NOW:PLAYING makes its world premiere Dec. 7-8.
Porter started developing NOW:PLAYING in 2013 by using two projectors on each side of the stage to provide what she calls a “playground” for the dancers. The idea, she says, differs from conventional uses of theatrical projection and lighting, as images are usually cast on the back wall of a stage.
“I wanted to preserve the idea of a fully ink-black background and the dancers being the only thing illuminated in space,” says Porter.
She adds that the approach makes the show “kind of a bizarre thing to look at.” Because of the way the light hits them, you may only see the upper body of one dancer, while the lower half of another dancer moves below them (this becomes even stranger when considering that each dancer wears different pairs of shoes). At one point, a single dancer is completely illuminated while beset by a flurry of disembodied hands belonging to the other dancers.
With no technical or professional lighting background, Porter had to explore the unfamiliar territory of technology in order to make her vision work. Even so, she wanted the concept – which involves four projectors playing at once – to be “as analog as possible.”
As a result, some of the projections are surprisingly low-tech, varying from a single band of light to footage of smoke curling from incense Porter burned in her home and shot with her smartphone camera.
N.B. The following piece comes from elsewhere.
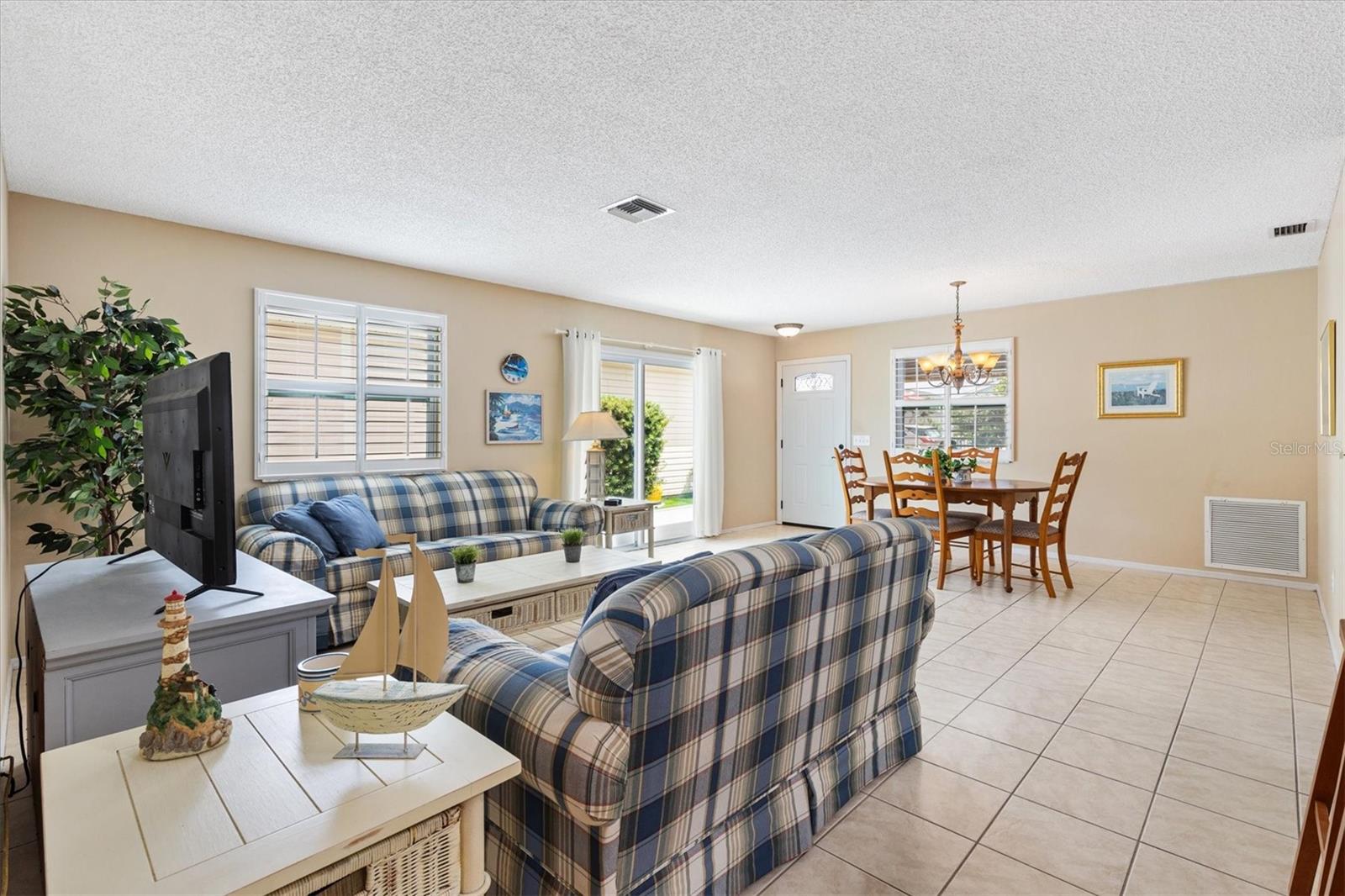 Image 9 of 23 For 1513 Lozano Avenue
It all unfolds over three sections, each meant to convey a different but linear theme. The first one erupts in chaos, with dancers moving to an original score by PJ Roduta, whose composition included adding drums to the sounds of tearing into the strings in a piano. The second section goes for simplicity with stripped-down jazz music consisting of two instruments, a saxophone, and upright bass. The third section finds a balance between the first two by going for a more structured, orderly tone.
While it took years to develop, Porter feels that the risk paid off and is confident audiences will see something totally different from previous Pillow Project shows.
“This isn’t a modern piece or contemporary piece,” says Porter. “To me, this is a new idea in jazz dance.”